- [INFORMATION SUPPLIED]
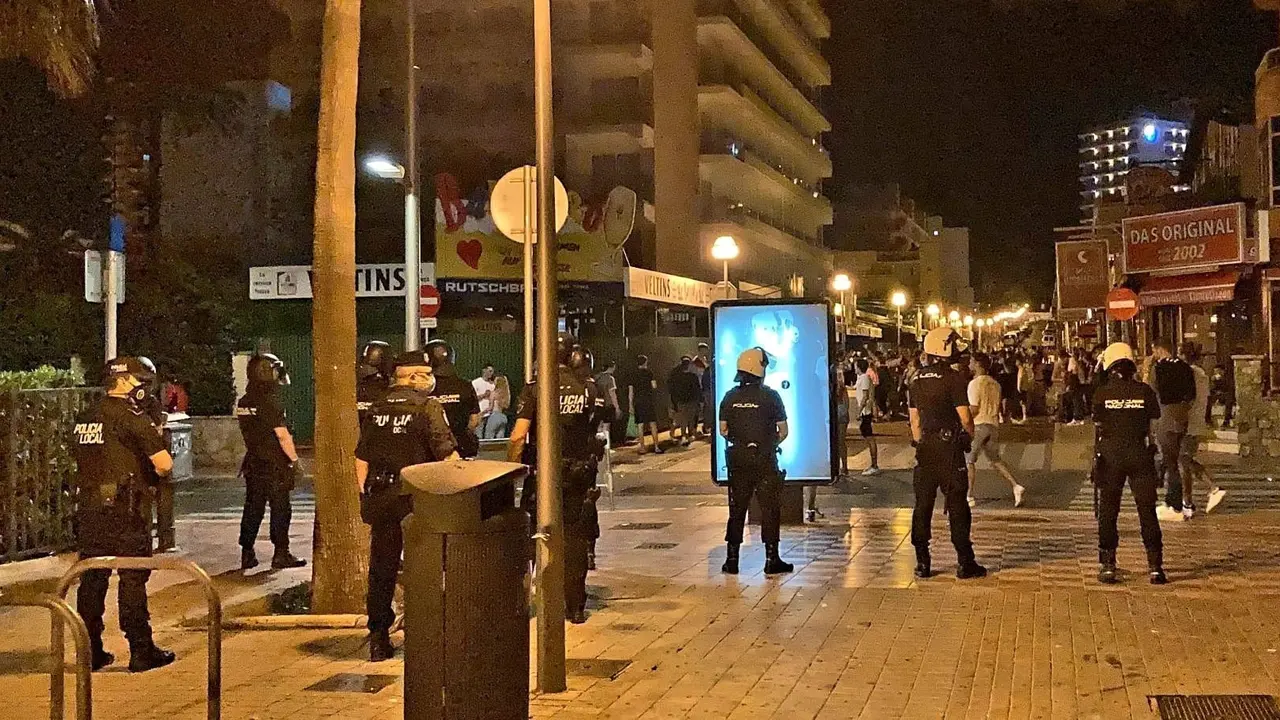 Agentes de la Polic&iacute;a Local y de la Polic&iacute;a Nacional disuelven un botell&oacute;n en Playa de Palma.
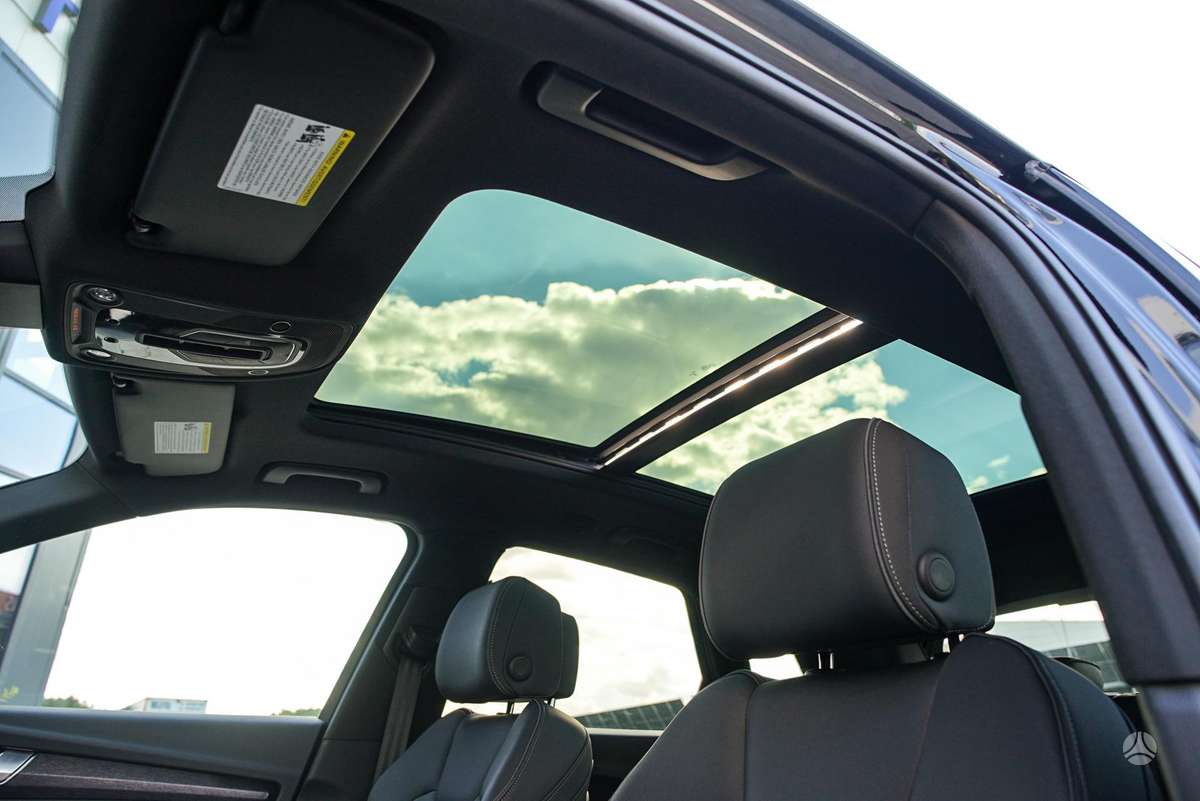 Audi Q5, 2.0 l., off-road / crossover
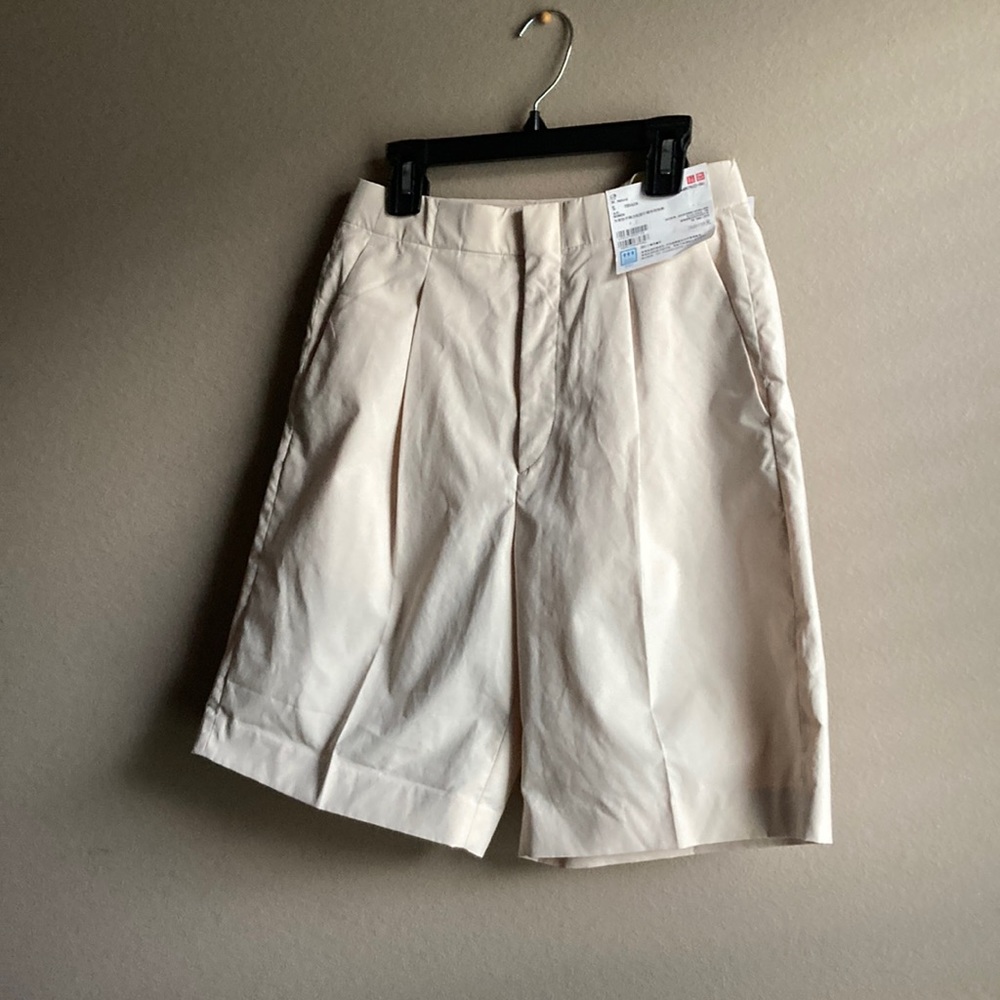 Theory Cream High-Waist Tailored Shorts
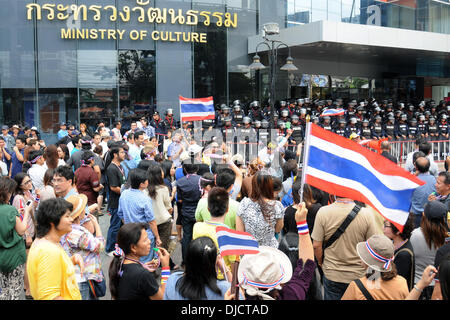 Bangkok, Thailand. 27. November 2013. (Anti-Regierungs-Demonstranten Kundgebung vor dem Ministerium für Kultur in Bangkok, Thailand, 27. November 2013. Demonstranten gezwungen die Schließung von mehreren Ministerien Dienstag und geschworen, übernehmen die Kontrolle der staatlichen Büros bundesweit im Rahmen eines Angebots, Premierministerin Yingluck Shinawatra, eskaliert die größte Herausforderung, die sie erlebt hat, seit seinem Amtsantritt zu verdrängen. Bildnachweis: Xinhua/Alamy Live-Nachrichten Stockfoto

- [WHAT THE EXERCISE ASKS]
If the listing above includes images, copy every line of it exactly except those images.

- [OUTPUT BELOW]
 Agentes de la Polic&iacute;a Local y de la Polic&iacute;a Nacional disuelven un botell&oacute;n en Playa de Palma.
 Audi Q5, 2.0 l., off-road / crossover
 Theory Cream High-Waist Tailored Shorts
 Bangkok, Thailand. 27. November 2013. (Anti-Regierungs-Demonstranten Kundgebung vor dem Ministerium für Kultur in Bangkok, Thailand, 27. November 2013. Demonstranten gezwungen die Schließung von mehreren Ministerien Dienstag und geschworen, übernehmen die Kontrolle der staatlichen Büros bundesweit im Rahmen eines Angebots, Premierministerin Yingluck Shinawatra, eskaliert die größte Herausforderung, die sie erlebt hat, seit seinem Amtsantritt zu verdrängen. Bildnachweis: Xinhua/Alamy Live-Nachrichten Stockfoto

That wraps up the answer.